◆ Task details:
For this exercise, the lines from the one with "Can Tho - Ninh Kieu Wharf night lights" through the final line of the data below are to be transcribed exactly, and pictures are to be skipped.

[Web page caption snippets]
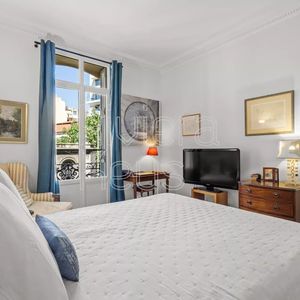 Property in Carre d'Or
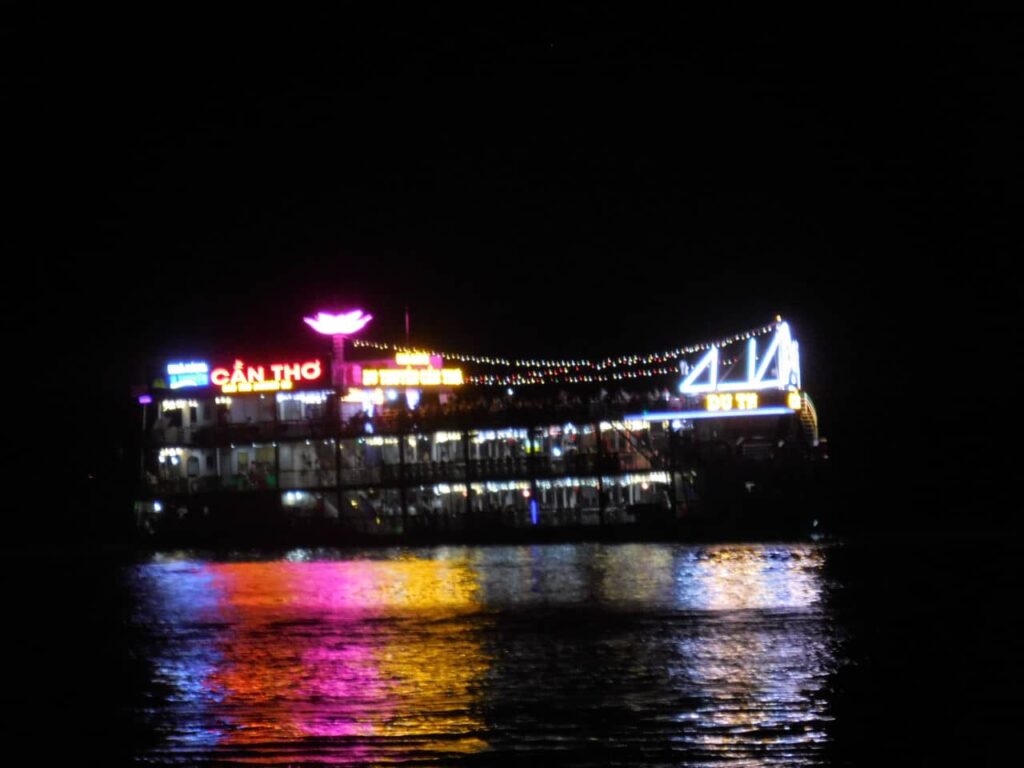 Can Tho - Ninh Kieu Wharf night lights
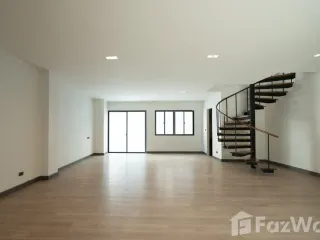 For sale 5 ベッドルーム townhouse in Bang Kapi, Bangkok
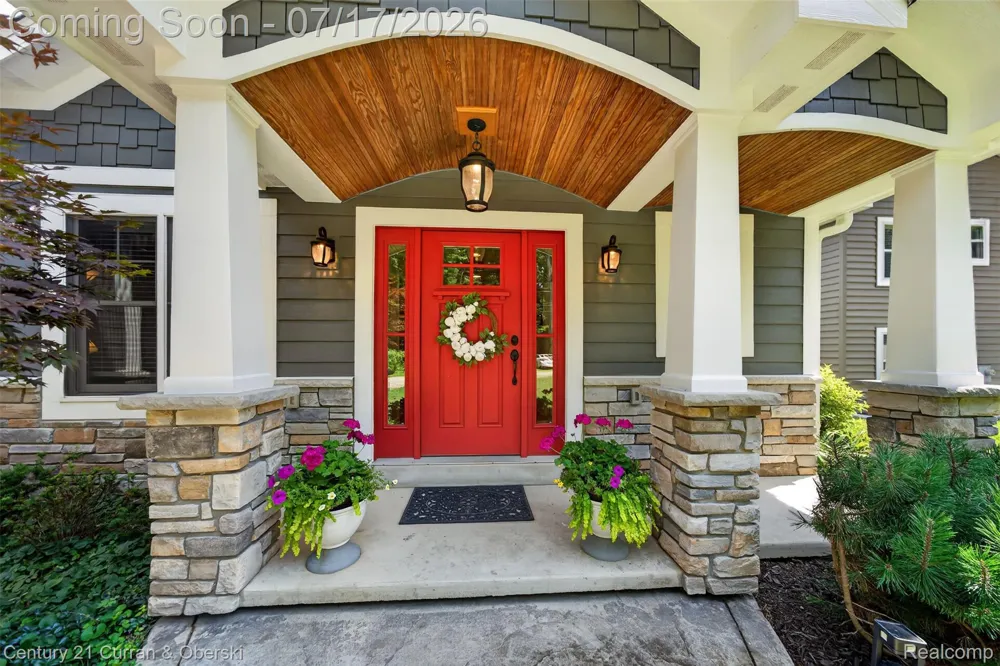 2770 Cozy Cove Waterloo Township, MI 49240
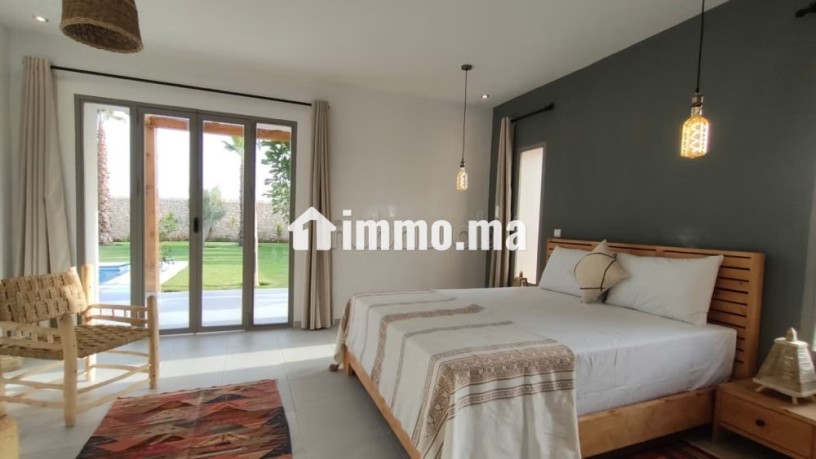 villa-avec-piscine-sans-vis-a-vis-big-2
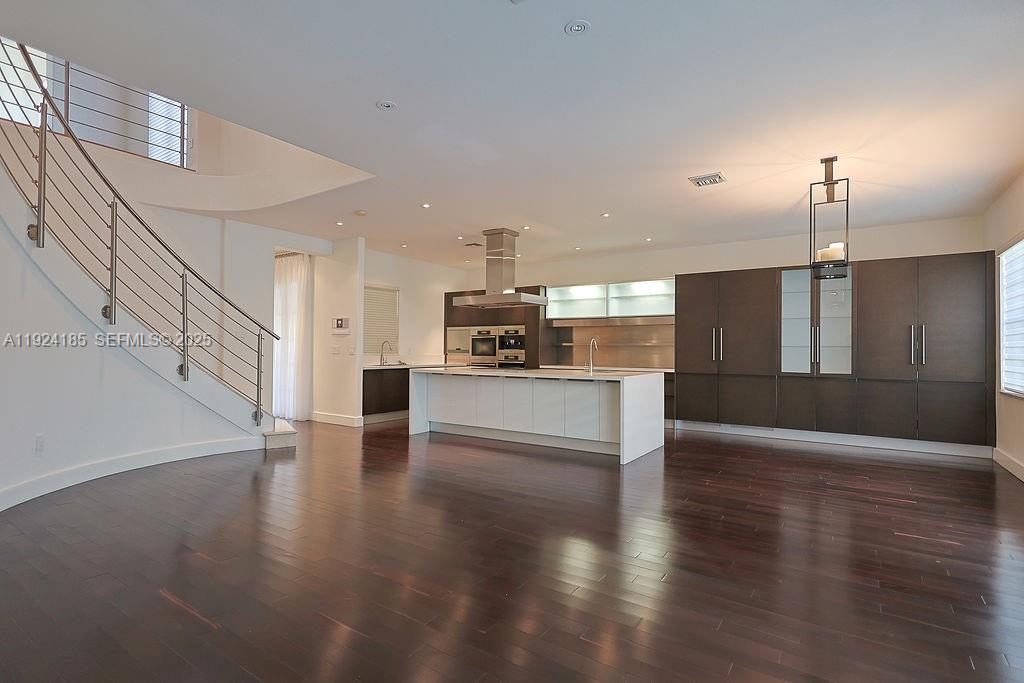 6853 NW 113th Pl Doral, FL 33178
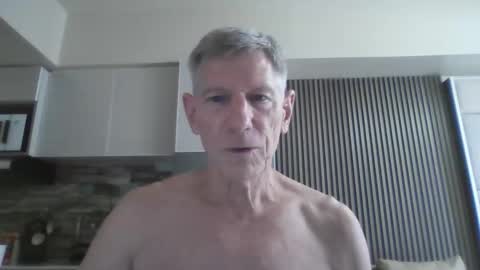 George online show from 11/21/25, 07:51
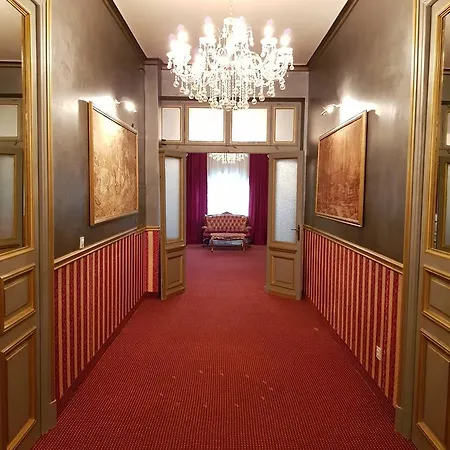 Готель Nf Palace Old Бухарест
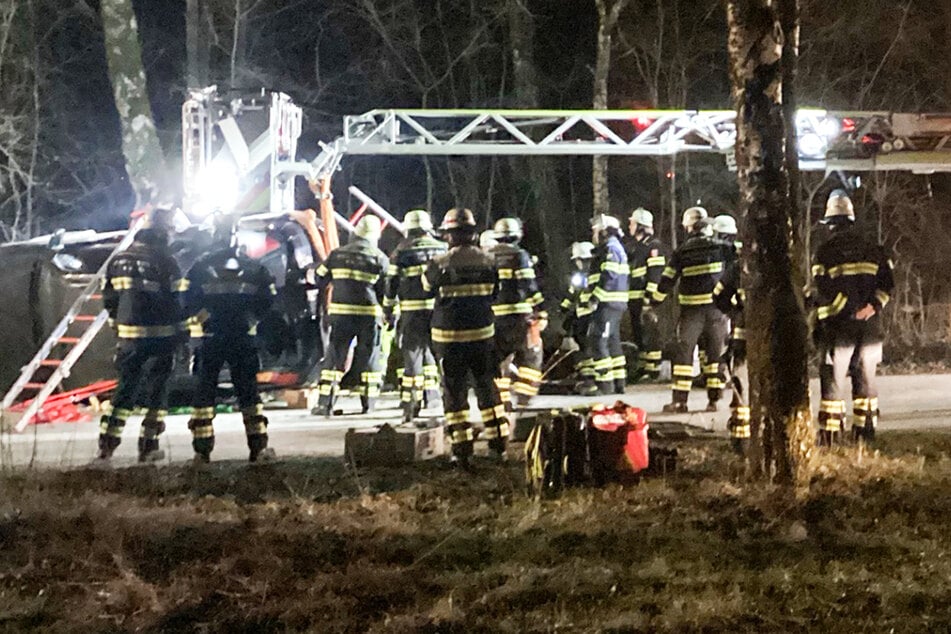 Feuerwehr, Rettungskräfte und Polizei waren am Mittwochmorgen mit einem Großaufgebot im Münchner Stadtteil Riem im Einsatz.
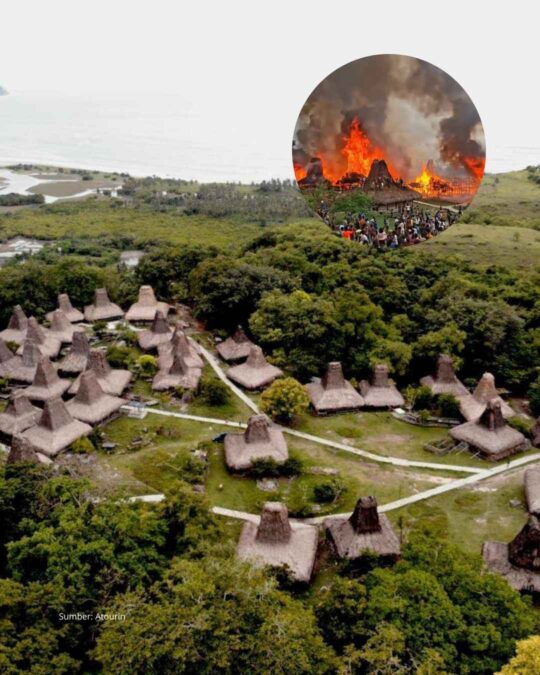 Kampung Adat Waru Wora Terbakar.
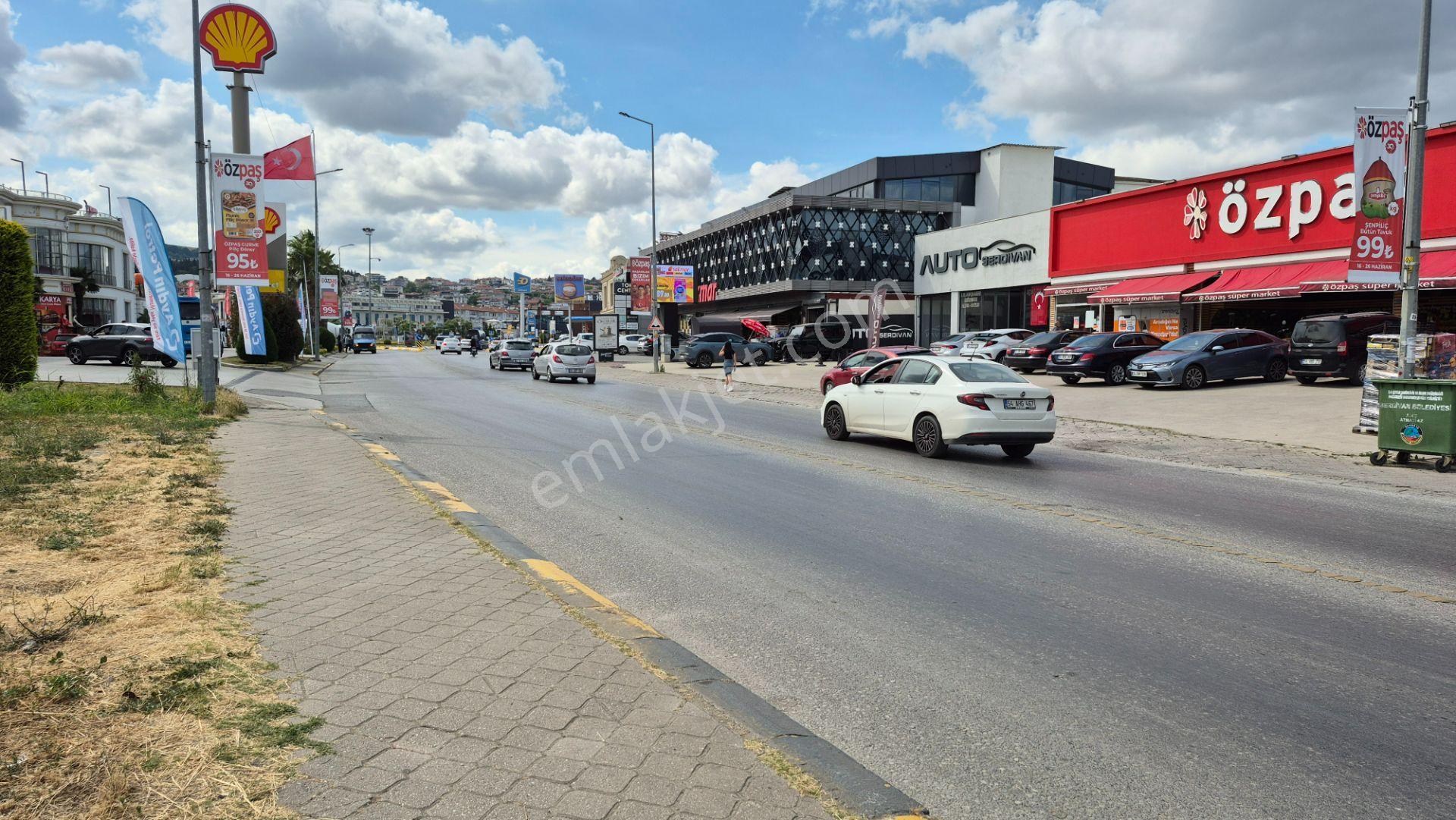 Tunatan Kavşağı Bu Yapı Centrum’da 2 Odalı 65 M² Lüks Kiralık Ofis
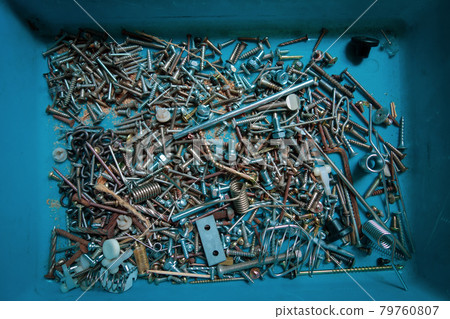 A large amount of metal parts mixed in the container [iron scraps / screws] 79760807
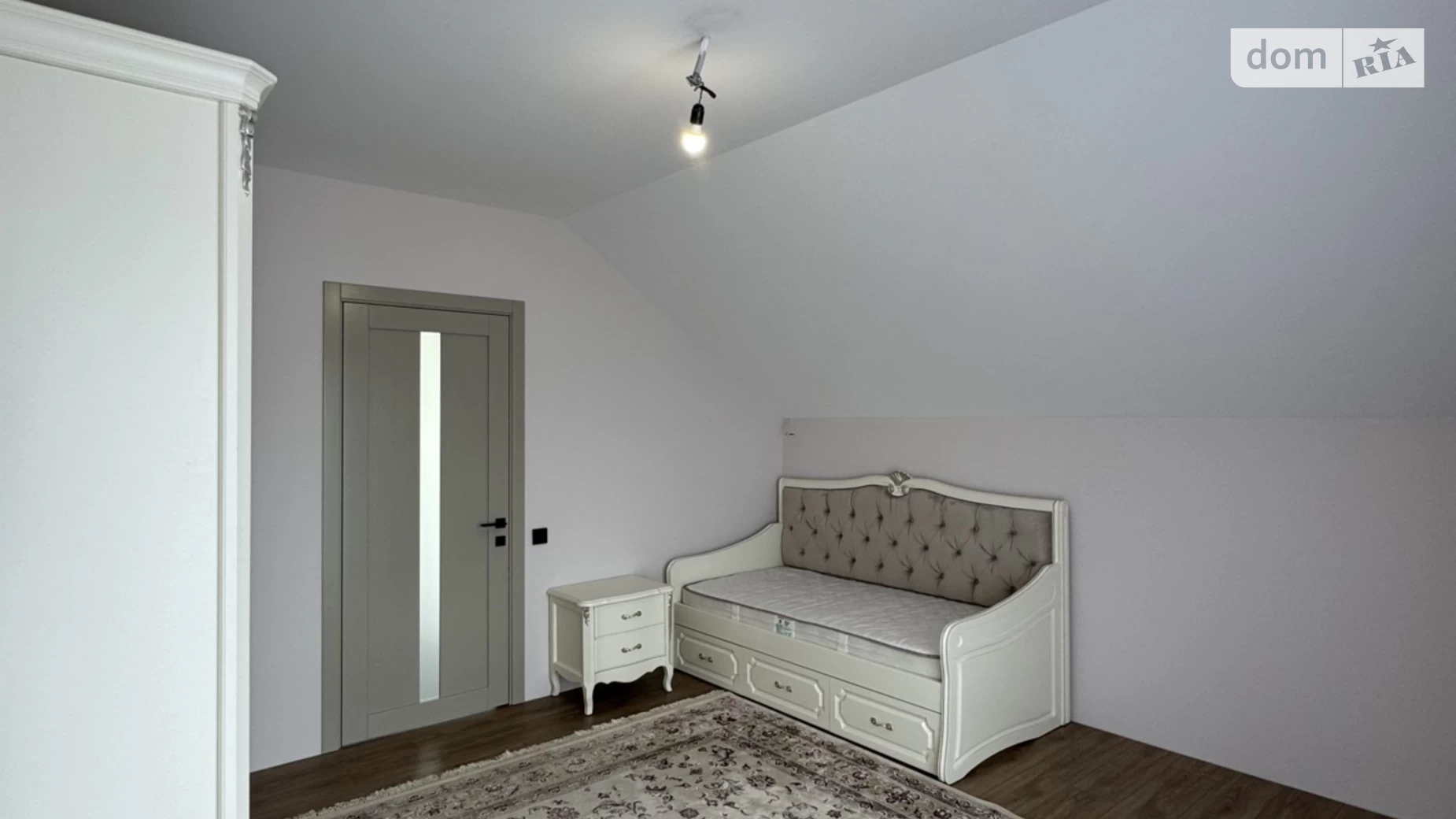 Продается дом на 2 этажа 243.4 кв. м с бассейном, цена: 200000 $ - фото 4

◆ Task result:
 Can Tho - Ninh Kieu Wharf night lights
 For sale 5 ベッドルーム townhouse in Bang Kapi, Bangkok
 2770 Cozy Cove Waterloo Township, MI 49240
 villa-avec-piscine-sans-vis-a-vis-big-2
 6853 NW 113th Pl Doral, FL 33178
 George online show from 11/21/25, 07:51
 Готель Nf Palace Old Бухарест
 Feuerwehr, Rettungskräfte und Polizei waren am Mittwochmorgen mit einem Großaufgebot im Münchner Stadtteil Riem im Einsatz.
 Kampung Adat Waru Wora Terbakar.
 Tunatan Kavşağı Bu Yapı Centrum’da 2 Odalı 65 M² Lüks Kiralık Ofis
 A large amount of metal parts mixed in the container [iron scraps / screws] 79760807
 Продается дом на 2 этажа 243.4 кв. м с бассейном, цена: 200000 $ - фото 4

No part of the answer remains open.